- _Exercise_: In full and without changes, output the data.

- _Data records_:
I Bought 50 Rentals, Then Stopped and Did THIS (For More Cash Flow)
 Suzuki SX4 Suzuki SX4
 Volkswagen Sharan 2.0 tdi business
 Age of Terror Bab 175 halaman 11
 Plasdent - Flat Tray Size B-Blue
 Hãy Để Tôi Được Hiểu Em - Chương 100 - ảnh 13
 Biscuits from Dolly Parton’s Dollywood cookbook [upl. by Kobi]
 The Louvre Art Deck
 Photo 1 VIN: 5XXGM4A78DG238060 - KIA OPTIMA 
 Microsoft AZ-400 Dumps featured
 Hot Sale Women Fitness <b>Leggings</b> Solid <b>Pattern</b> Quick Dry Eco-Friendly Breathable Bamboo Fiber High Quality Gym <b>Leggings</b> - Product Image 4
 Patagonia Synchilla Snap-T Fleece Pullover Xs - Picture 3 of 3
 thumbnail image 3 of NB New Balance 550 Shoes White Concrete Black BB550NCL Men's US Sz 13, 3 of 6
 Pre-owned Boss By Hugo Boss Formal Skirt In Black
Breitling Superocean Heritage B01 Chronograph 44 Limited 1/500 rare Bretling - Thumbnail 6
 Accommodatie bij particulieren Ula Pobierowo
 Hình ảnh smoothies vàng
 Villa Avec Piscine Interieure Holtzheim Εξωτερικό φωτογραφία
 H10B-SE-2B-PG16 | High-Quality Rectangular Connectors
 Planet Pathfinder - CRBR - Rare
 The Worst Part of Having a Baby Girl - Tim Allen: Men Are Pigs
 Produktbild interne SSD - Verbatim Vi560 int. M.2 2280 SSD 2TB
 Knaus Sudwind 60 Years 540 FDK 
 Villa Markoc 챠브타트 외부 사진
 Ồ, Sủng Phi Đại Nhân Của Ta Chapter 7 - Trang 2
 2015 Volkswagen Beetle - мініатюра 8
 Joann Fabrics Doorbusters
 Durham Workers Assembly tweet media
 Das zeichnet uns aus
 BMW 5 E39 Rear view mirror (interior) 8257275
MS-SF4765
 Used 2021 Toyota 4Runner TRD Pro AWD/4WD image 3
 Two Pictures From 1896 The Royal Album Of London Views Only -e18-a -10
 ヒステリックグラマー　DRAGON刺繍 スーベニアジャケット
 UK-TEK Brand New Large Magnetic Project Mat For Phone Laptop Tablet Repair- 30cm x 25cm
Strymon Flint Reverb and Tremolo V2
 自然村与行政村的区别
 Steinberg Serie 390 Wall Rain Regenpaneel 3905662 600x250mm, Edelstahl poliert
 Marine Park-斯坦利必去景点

- _Solution for this task_:
I Bought 50 Rentals, Then Stopped and Did THIS (For More Cash Flow)
 Suzuki SX4 Suzuki SX4
 Volkswagen Sharan 2.0 tdi business
 Age of Terror Bab 175 halaman 11
 Plasdent - Flat Tray Size B-Blue
 Hãy Để Tôi Được Hiểu Em - Chương 100 - ảnh 13
 Biscuits from Dolly Parton’s Dollywood cookbook [upl. by Kobi]
 The Louvre Art Deck
 Photo 1 VIN: 5XXGM4A78DG238060 - KIA OPTIMA 
 Microsoft AZ-400 Dumps featured
 Hot Sale Women Fitness <b>Leggings</b> Solid <b>Pattern</b> Quick Dry Eco-Friendly Breathable Bamboo Fiber High Quality Gym <b>Leggings</b> - Product Image 4
 Patagonia Synchilla Snap-T Fleece Pullover Xs - Picture 3 of 3
 thumbnail image 3 of NB New Balance 550 Shoes White Concrete Black BB550NCL Men's US Sz 13, 3 of 6
 Pre-owned Boss By Hugo Boss Formal Skirt In Black
Breitling Superocean Heritage B01 Chronograph 44 Limited 1/500 rare Bretling - Thumbnail 6
 Accommodatie bij particulieren Ula Pobierowo
 Hình ảnh smoothies vàng
 Villa Avec Piscine Interieure Holtzheim Εξωτερικό φωτογραφία
 H10B-SE-2B-PG16 | High-Quality Rectangular Connectors
 Planet Pathfinder - CRBR - Rare
 The Worst Part of Having a Baby Girl - Tim Allen: Men Are Pigs
 Produktbild interne SSD - Verbatim Vi560 int. M.2 2280 SSD 2TB
 Knaus Sudwind 60 Years 540 FDK 
 Villa Markoc 챠브타트 외부 사진
 Ồ, Sủng Phi Đại Nhân Của Ta Chapter 7 - Trang 2
 2015 Volkswagen Beetle - мініатюра 8
 Joann Fabrics Doorbusters
 Durham Workers Assembly tweet media
 Das zeichnet uns aus
 BMW 5 E39 Rear view mirror (interior) 8257275
MS-SF4765
 Used 2021 Toyota 4Runner TRD Pro AWD/4WD image 3
 Two Pictures From 1896 The Royal Album Of London Views Only -e18-a -10
 ヒステリックグラマー　DRAGON刺繍 スーベニアジャケット
 UK-TEK Brand New Large Magnetic Project Mat For Phone Laptop Tablet Repair- 30cm x 25cm
Strymon Flint Reverb and Tremolo V2
 自然村与行政村的区别
 Steinberg Serie 390 Wall Rain Regenpaneel 3905662 600x250mm, Edelstahl poliert
 Marine Park-斯坦利必去景点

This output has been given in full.